Hal itu disampaikan oleh Presiden RI Prabowo Subianto menanggapi berbagai hal dalam pidatonya di Penutupan Kongres VI DPP Partai Demokrat di Jakarta, Selasa (25/2) malam WIB.
“Ada yang mengatakan kabinet kita gemuk, banyak, ya kan? Tapi kalau banyak orang hebat, kenapa?” ujar Prabowo.
Prabowo memiliki 108 menteri/wamen yang masuk dalam Kabinet Merah Putih.

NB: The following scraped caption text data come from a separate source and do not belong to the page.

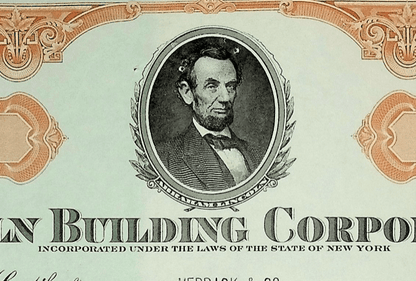 Lincoln Building Company (with Abraham Lincoln's Photo) Stock Certificate - 1 Grand Central Bdlg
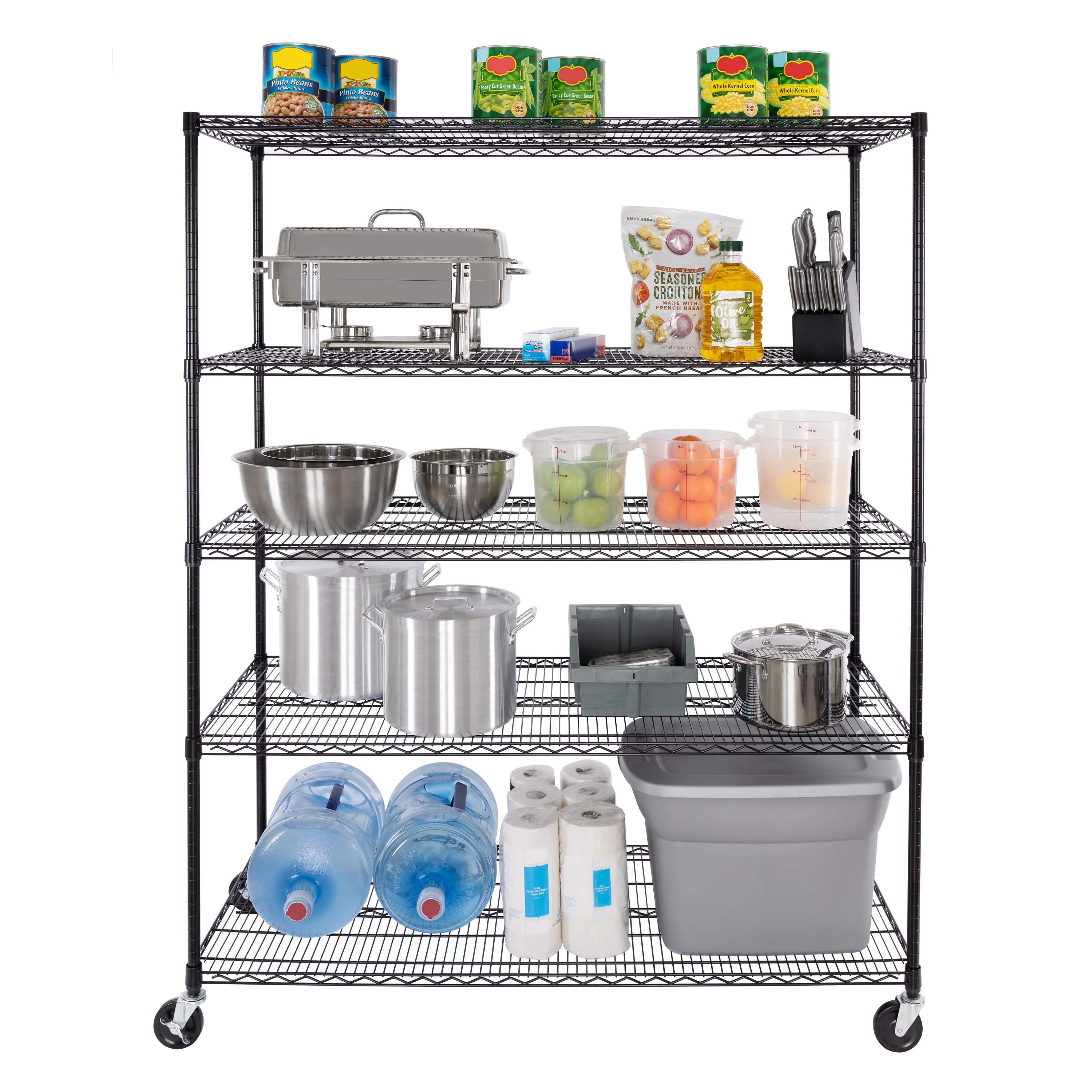 UltraDurable® 5-Tier NSF-Certified Steel Shelving, Black - Image 17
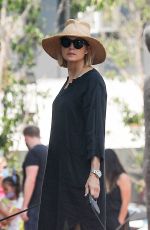 KELLY RUTHERFORD Out with Her Dog in Pacific Palisades 08/22/2020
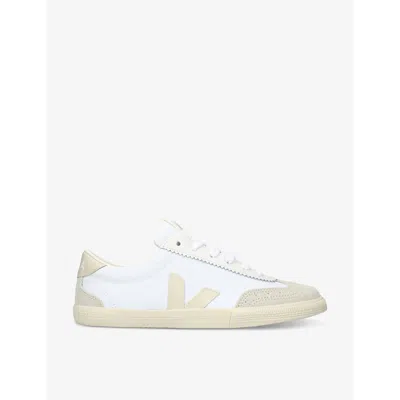 Veja Women's White/oth Women's Volley Logo-embroidered Canvas Low-top Trainers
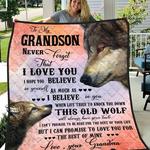 personalized wolf family to my grandson quilt blanket from grandma i cant promise to be here for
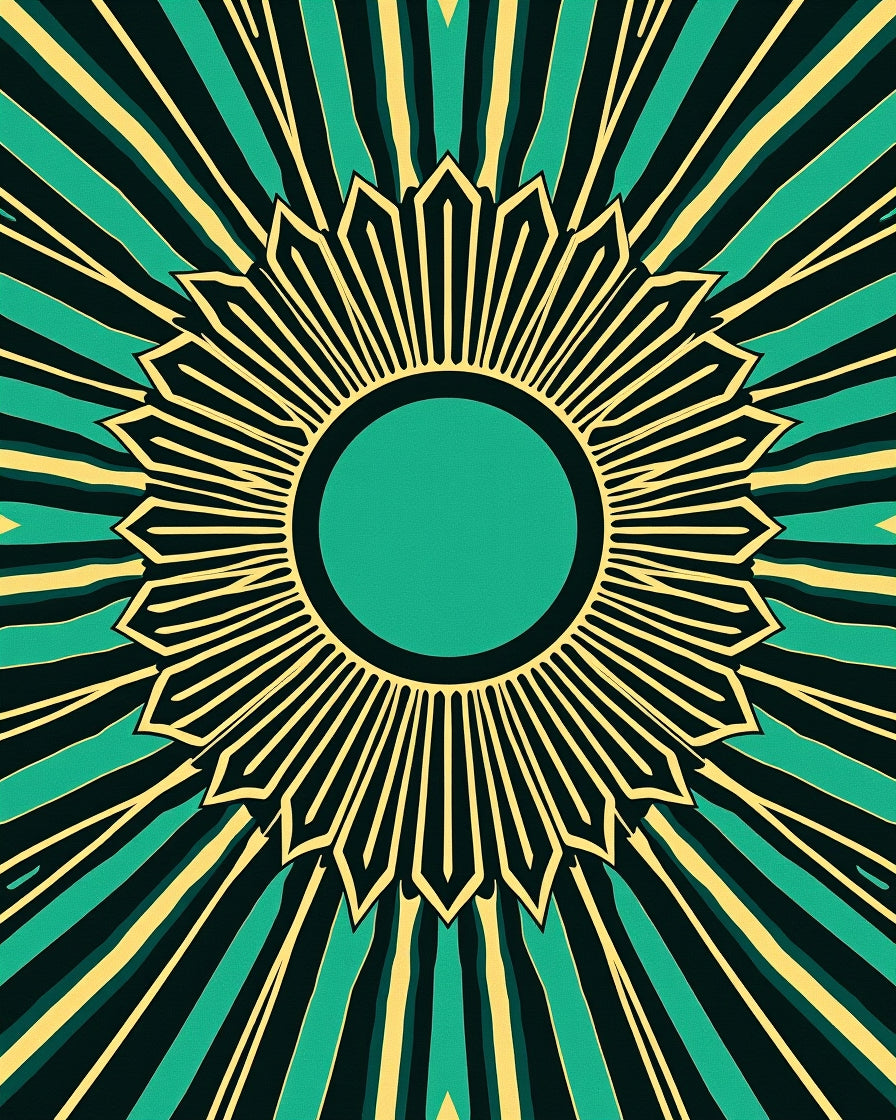 Emerald Sunburst Geometric Pattern Rug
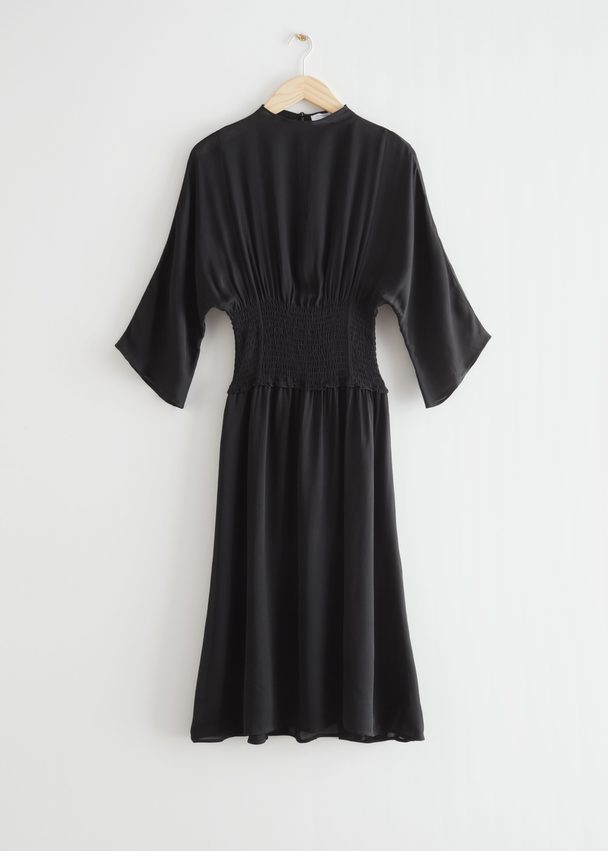 & Other Stories Smocked Waist Midi Dress Black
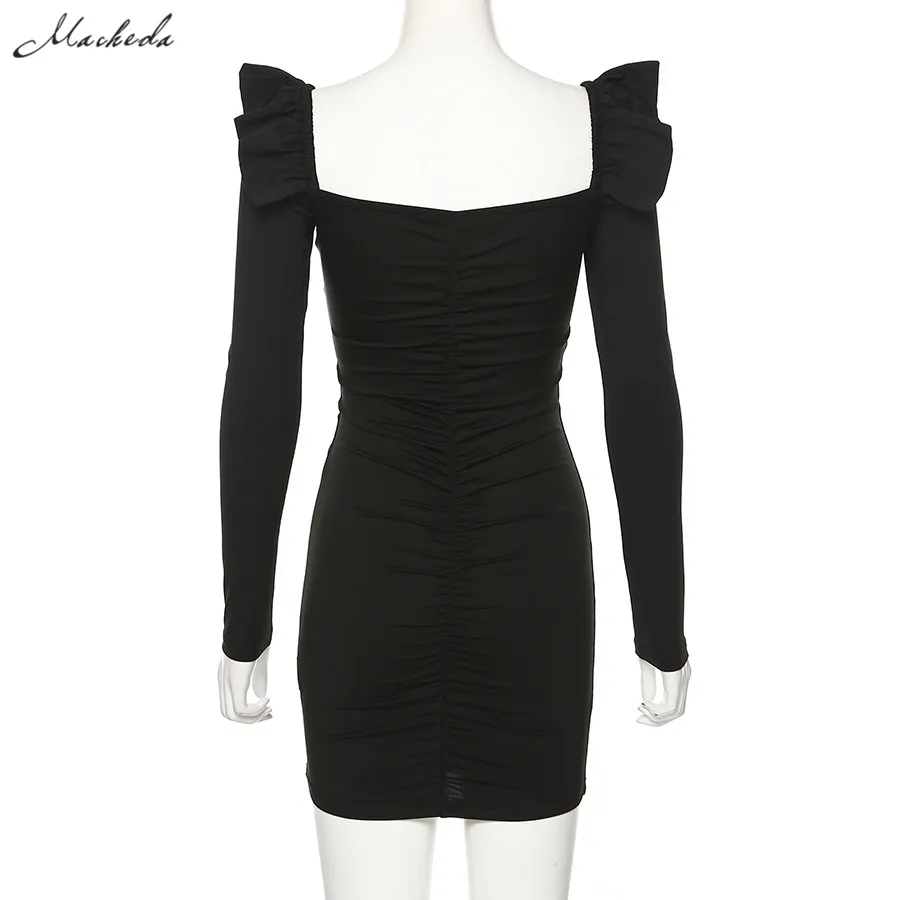 Macheda Bodycon Карандаш Женская летняя Клубная одежда Мини платье женские летние сексуальные платья полиэстер v-образным вырезом tether платья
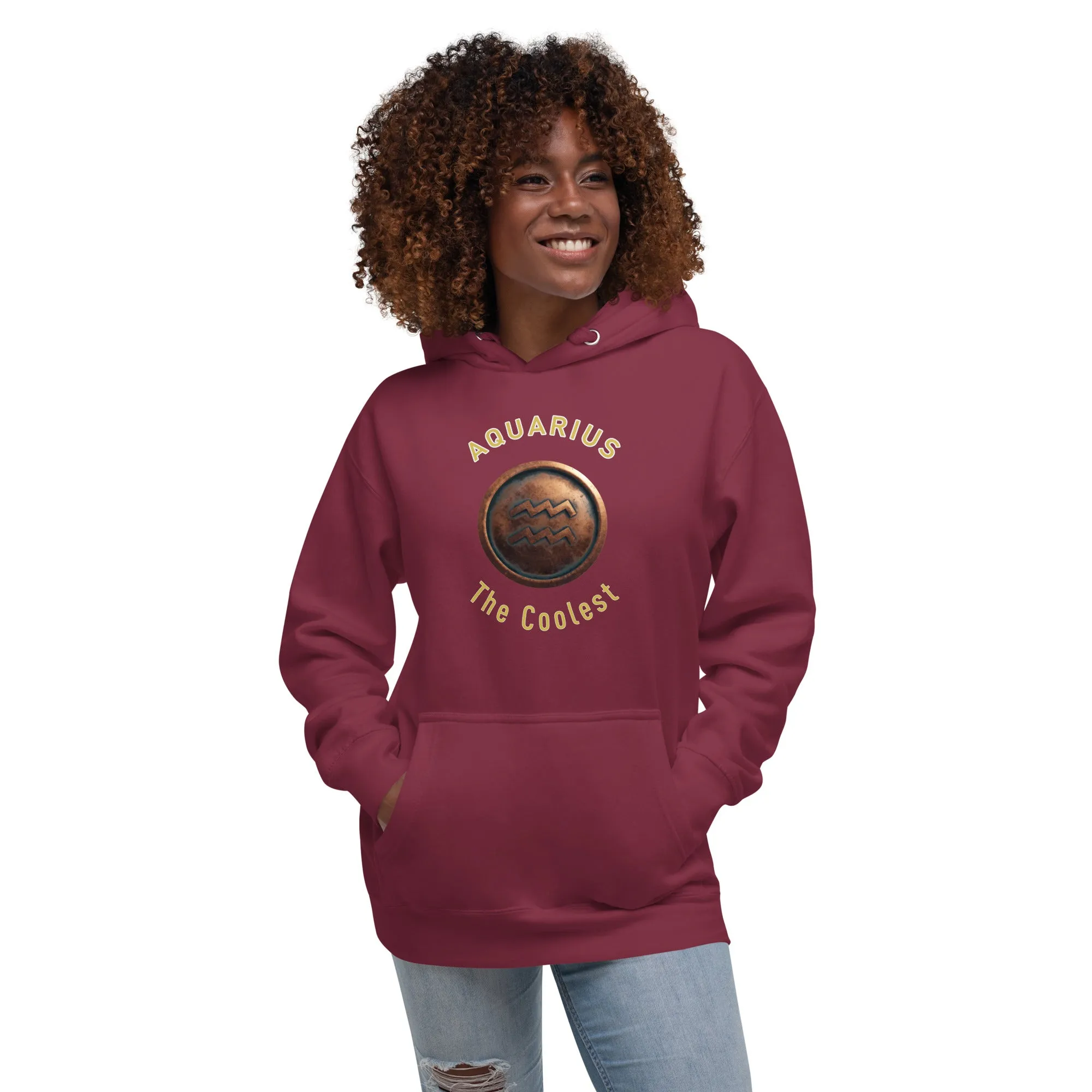 Hoodie Womens Designer (Hoodies Womens - Aquarius Zodiac Sign 0051)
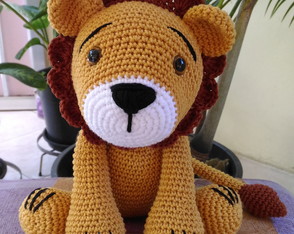 Leão Léo Amigurumi Crochê 30cm em Pé/17cm Sentado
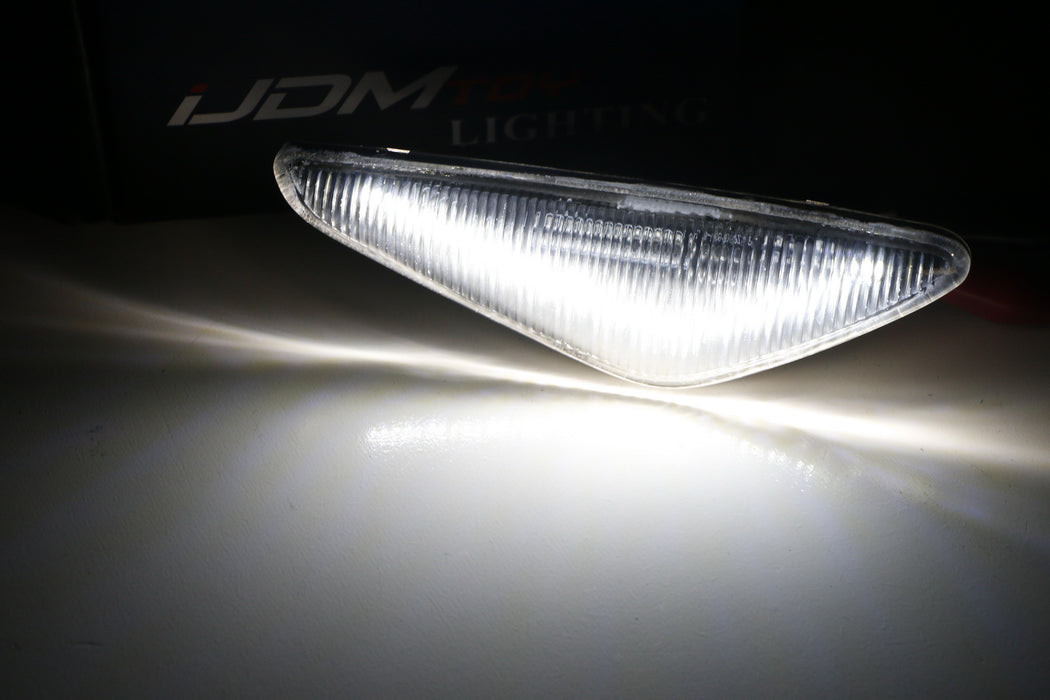 Smoked Lens V-Shape White LED Front Fender Side Marker Lights For BMW X3 X5 X6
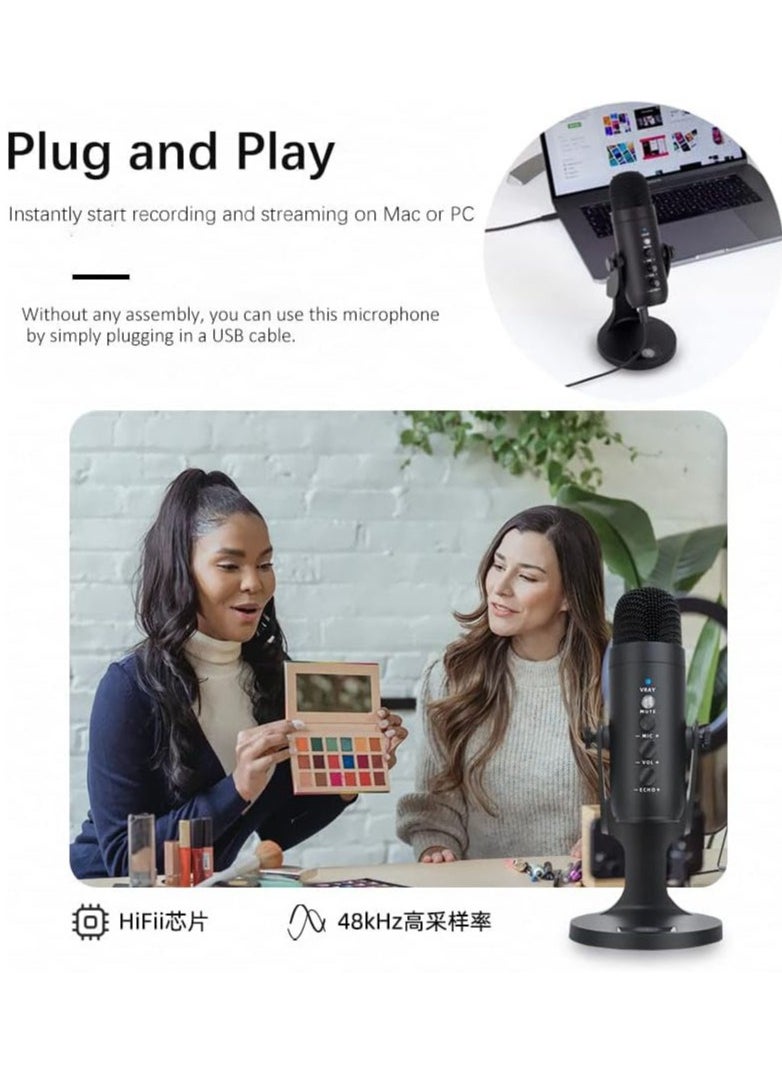 Generic - USB Microphone JD900 , Computer Condenser Gaming Mic for PC, Mac, Gaming, Recording, Streaming, Podcasting,Studio, USB C Plug and Play, Mute Button, Headphone Output, Volume Control - Image 1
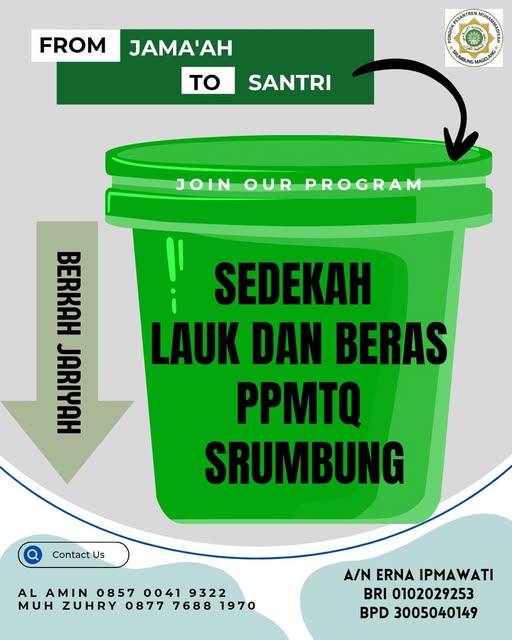 Poster Sedekah Lauk dan Beras PPMTQ Srumbung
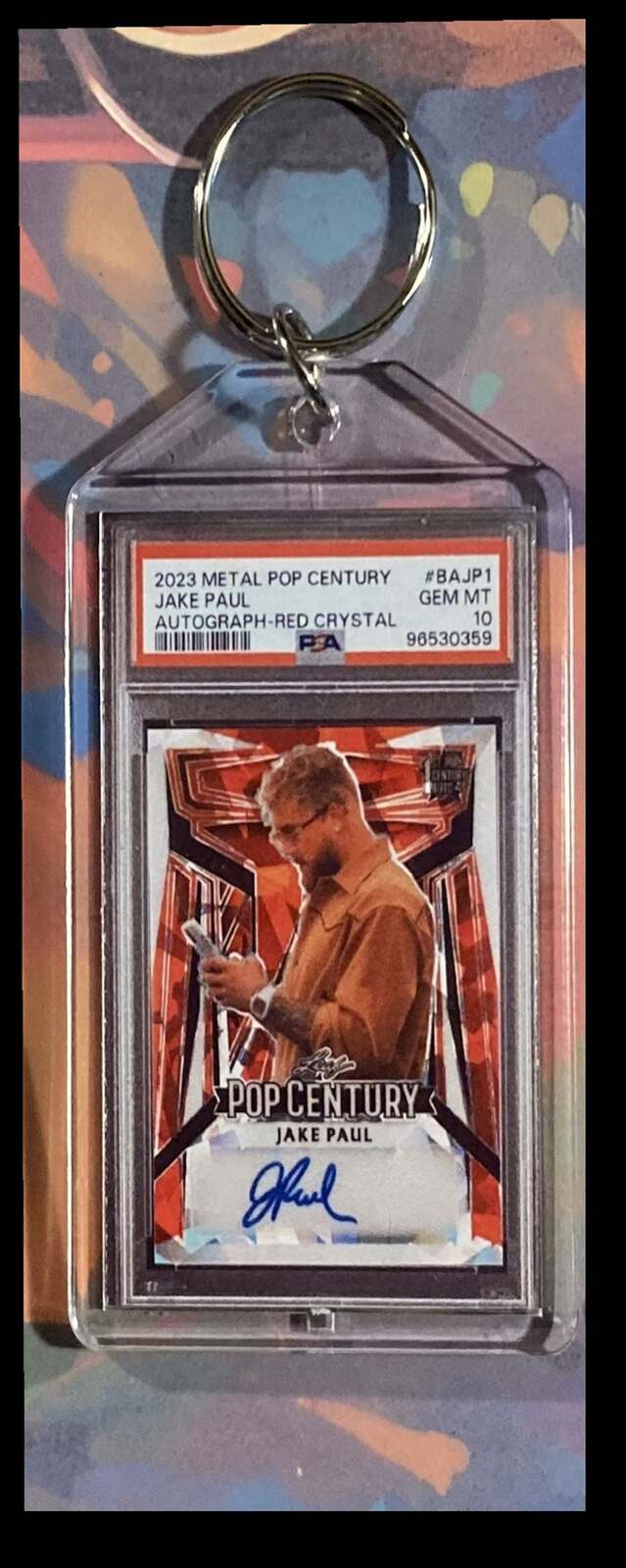 3100 Jake Paul 2023 Leaf Metal Pop Century Red Crystals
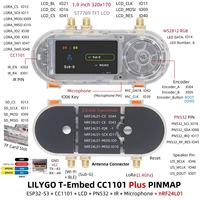 Carte de développement LILYGO T-Embed CC1101 Plus ESP32-S3 Core, communication double bande Sub-1GHz/2.4GHz, écran LCD 1,9 pouces + NFC + télécommande IR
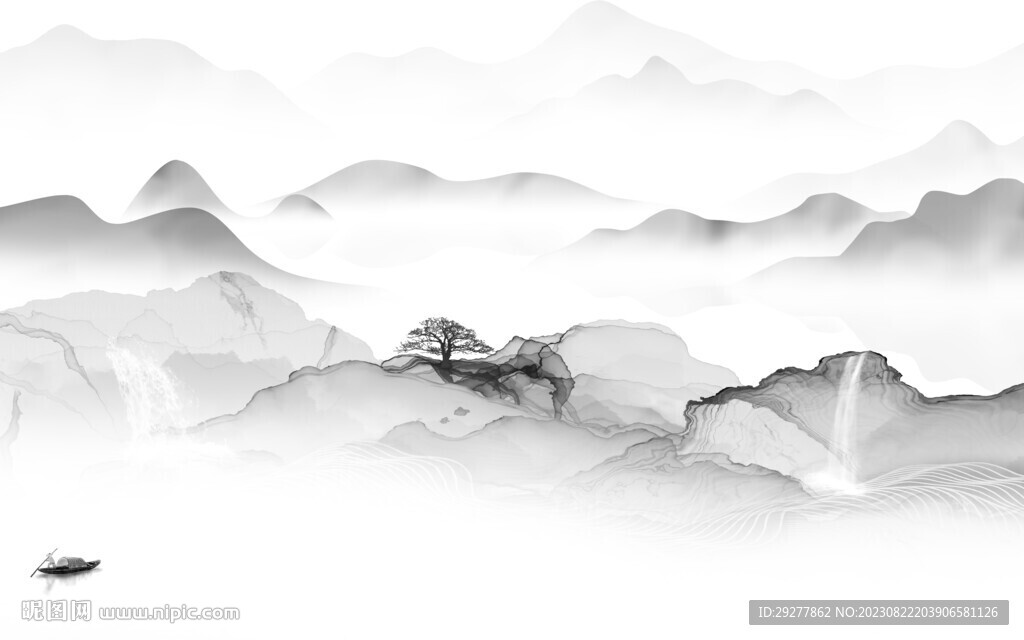 高档 灰色山水背景 TIf分层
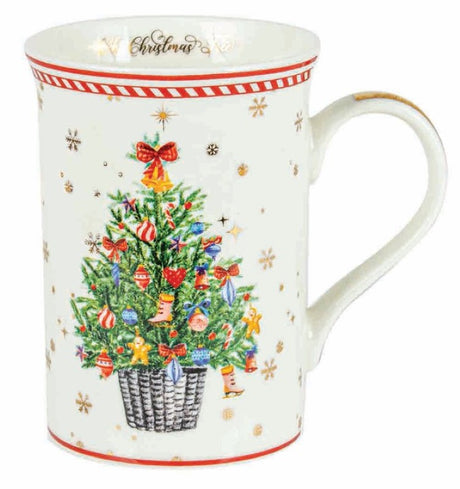 Festive ceramic mug featuring a Christmas tree design, perfect for holiday beverages and cozy gatherings.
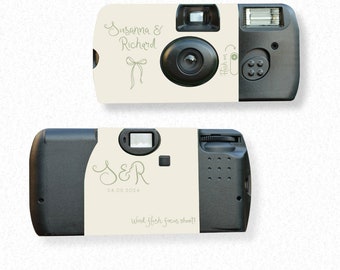 2 x Fuji Film Quicksnap jetable Wrap Wrap Cover stickers dessinés à la main vert sauge, mariage ** appareil photo byo, film autocollant uniquement **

Rinciannya tuhuh menteri koordinator, 41 menteri, 55 wakil menteri, dan lima pejabat setingkat menteri, termasuk jaksa agung dan sekretaris kabinet.
Jumlah itu dianggap terlalu gemuk. Apalagi semakin kontradiktif di tengah kebijakan pemerintah melakukan efisiensi anggaran.
Prabowo menyebut Indonesia memiliki banyak masalah di berbagai sektor. Oleh karena itu, pemerintahannya membutuhkan banyak orang agar tujuannya membangun bangsa bisa tercapai.
“Itu keinginan pendiri bangsa, keinginan seluruh rakyat Indonesia, dan itu perjuangan kita bersama,” kata Prabowo.
Prabowo menggambarkan proses membangun bangsa seperti membangun gedung yang memerlukan pondasi, lantai, pilar, dan tonggak yang kokoh.
“Ibarat membangun gedung di atas pondasi, di atas lantai-lantai yang kokoh, pilar-pilar yang kokoh, tonggak-tonggak yang kokoh, dan ini saya selalu katakan ini adalah keberuntungan kita,” katanya.